YOUR GOAL
When you reach the line with "BeverlyQueen15 online show" in the data below, begin printing lines exactly, and stop once the line with "2 bedroom flat" has been printed.

EXERCISE MATERIAL
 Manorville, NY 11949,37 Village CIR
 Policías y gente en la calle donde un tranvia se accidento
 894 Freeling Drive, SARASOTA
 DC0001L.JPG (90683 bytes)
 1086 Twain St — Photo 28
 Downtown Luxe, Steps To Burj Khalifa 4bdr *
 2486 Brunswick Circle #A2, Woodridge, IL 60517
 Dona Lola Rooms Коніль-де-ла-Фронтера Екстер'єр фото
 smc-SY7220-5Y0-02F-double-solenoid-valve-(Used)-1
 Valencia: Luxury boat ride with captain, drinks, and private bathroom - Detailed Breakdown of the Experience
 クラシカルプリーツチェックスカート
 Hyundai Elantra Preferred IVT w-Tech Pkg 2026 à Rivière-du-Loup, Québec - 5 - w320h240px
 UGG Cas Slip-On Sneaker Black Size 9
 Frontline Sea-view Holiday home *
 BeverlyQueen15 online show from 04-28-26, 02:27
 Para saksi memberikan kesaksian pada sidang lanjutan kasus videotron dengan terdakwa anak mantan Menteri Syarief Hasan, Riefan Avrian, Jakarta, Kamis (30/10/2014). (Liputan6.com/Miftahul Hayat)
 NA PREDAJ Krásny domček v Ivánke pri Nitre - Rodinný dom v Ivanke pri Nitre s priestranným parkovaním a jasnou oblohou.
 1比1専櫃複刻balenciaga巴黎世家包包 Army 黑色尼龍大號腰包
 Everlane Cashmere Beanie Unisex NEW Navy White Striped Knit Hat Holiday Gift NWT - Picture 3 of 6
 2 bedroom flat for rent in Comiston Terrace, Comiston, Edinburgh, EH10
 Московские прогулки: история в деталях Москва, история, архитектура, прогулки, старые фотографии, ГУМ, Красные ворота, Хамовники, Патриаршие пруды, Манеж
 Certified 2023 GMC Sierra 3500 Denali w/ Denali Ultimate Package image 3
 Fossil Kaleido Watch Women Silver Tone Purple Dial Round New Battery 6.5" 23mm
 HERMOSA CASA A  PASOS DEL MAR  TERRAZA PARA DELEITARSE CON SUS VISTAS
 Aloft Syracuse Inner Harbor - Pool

SOLUTION FOR THIS TASK
 BeverlyQueen15 online show from 04-28-26, 02:27
 Para saksi memberikan kesaksian pada sidang lanjutan kasus videotron dengan terdakwa anak mantan Menteri Syarief Hasan, Riefan Avrian, Jakarta, Kamis (30/10/2014). (Liputan6.com/Miftahul Hayat)
 NA PREDAJ Krásny domček v Ivánke pri Nitre - Rodinný dom v Ivanke pri Nitre s priestranným parkovaním a jasnou oblohou.
 1比1専櫃複刻balenciaga巴黎世家包包 Army 黑色尼龍大號腰包
 Everlane Cashmere Beanie Unisex NEW Navy White Striped Knit Hat Holiday Gift NWT - Picture 3 of 6
 2 bedroom flat for rent in Comiston Terrace, Comiston, Edinburgh, EH10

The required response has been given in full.